Back in the early 1980s, the U.S. was still in the throes of a prolonged economic downturn that pushed the value of many assets down to bargain levels. At the same time, other countries were on the rise, looking for ways to spend their newfound wealth.
The end result was prized properties such as California's Pebble Beach golf course and New York's Rockefeller Center being bought up by rich Japanese buyers. (Those same Japanese buyers eventually sold those assets at a loss, but that's a story for another day.)
Fast forward to 2011, and the U.S. economy is again reeling -- even as the roster of billionaires in places like China, India and Brazil keeps expanding. Might these newly rich moguls look to go bargain-hunting here in the U.S.? The likelihood rises with every passing day as many of our assets grow ever cheaper.
For foreign buyers, American companies provides both the cachet of a trophy property and access to the world's largest consumer market.
To be clear, Uncle Sam frowns on most cross-border deals involving high-tech companies (citing concerns that our security might be compromised), but many other industries remain open game.
These five iconic American companies are currently priced for sale after their shares have dropped in the latest market downturn. Could they be the next target of a big foreign buyout?
1. Avon Products (NYSE: AVP)
Market Value: $8.9 billion
Fall from 52-Week High: 43%
As the Chinese, Indian and Brazilian economies develop, many of their citizens are moving up into the middle-class. Demand for cosmetics and jewelry is rising as these consumers start to earn more than they absolutely need to survive.
The move from 'necessities' to 'luxuries' dovetails with the Avon model.

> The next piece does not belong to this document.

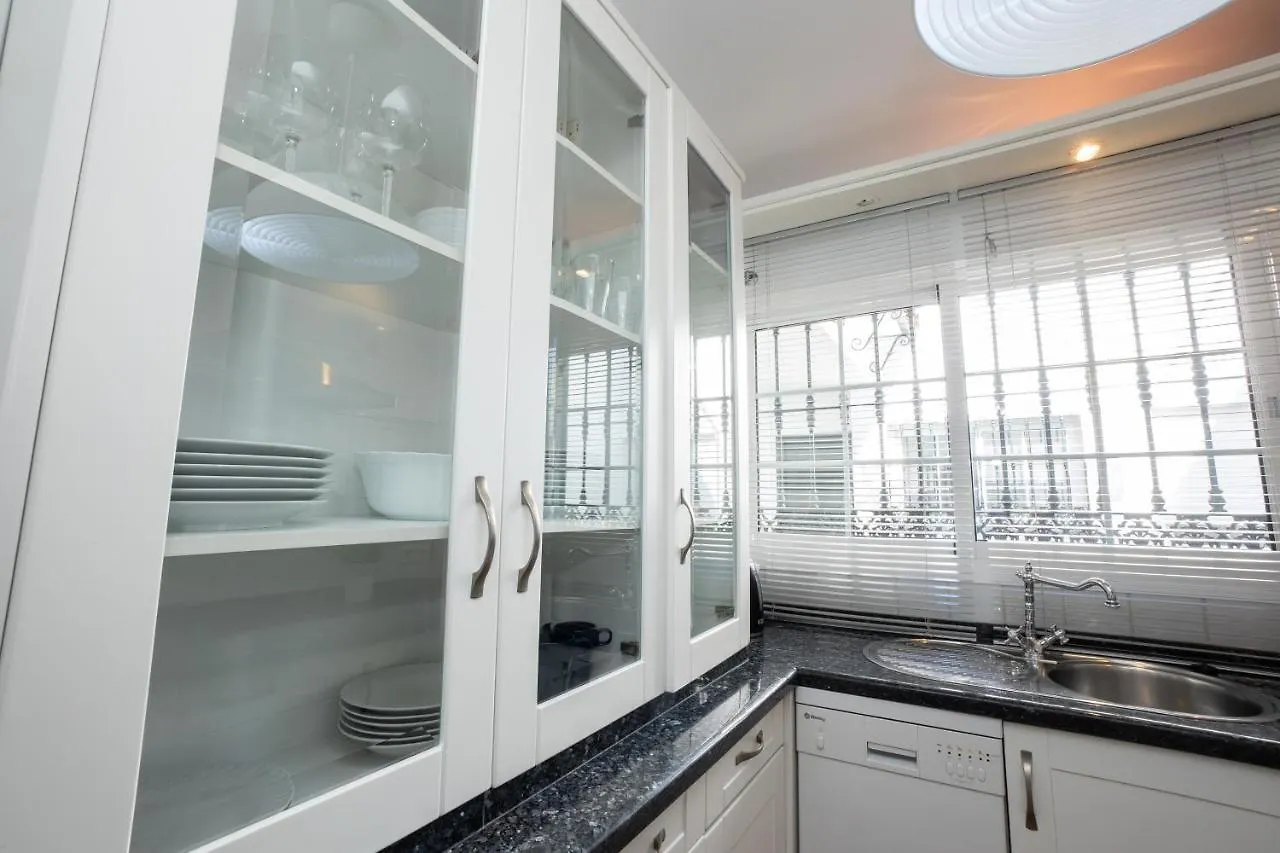 M&G Acqua Private Pool Apartment Nerja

And the company's independent representative sales model is a nice fit with an expanding set of women that are seeking to shed administrative jobs for something more entrepreneurial.
2. Fortune Brands (NYSE: FO)
Market Value: $8.0 billion
Fall from 52-Week High: 21%
You may not know this company, but you know its brands, which include Jim Beam whiskey, Moen faucets and Master Lock security products.
Some of these brands are already well-known in international circles, while others have yet to make a splash. That's a perfect opportunity for a foreign purchaser to take this American icon even deeper onto the global stage.
3. Hasbro (NYSE: HAS)
Market Value: $4.6 billion
Fall from 52-Week High: 31%
This company's brands are synonymous with leisure: Playskool, Nerf, Transformers, G.I. Joe, Tonka Trucks, Scrabble, Monopoly, etc. Sales actually grew in 2008 and 2009, even as the global economy was hurting. Thanks to a steady stream of new products and movie-based licensing revenues, sales and profits are on track to grow at a double-digit pace this year, making this a timely purchase for acquirers looking for growth vehicles.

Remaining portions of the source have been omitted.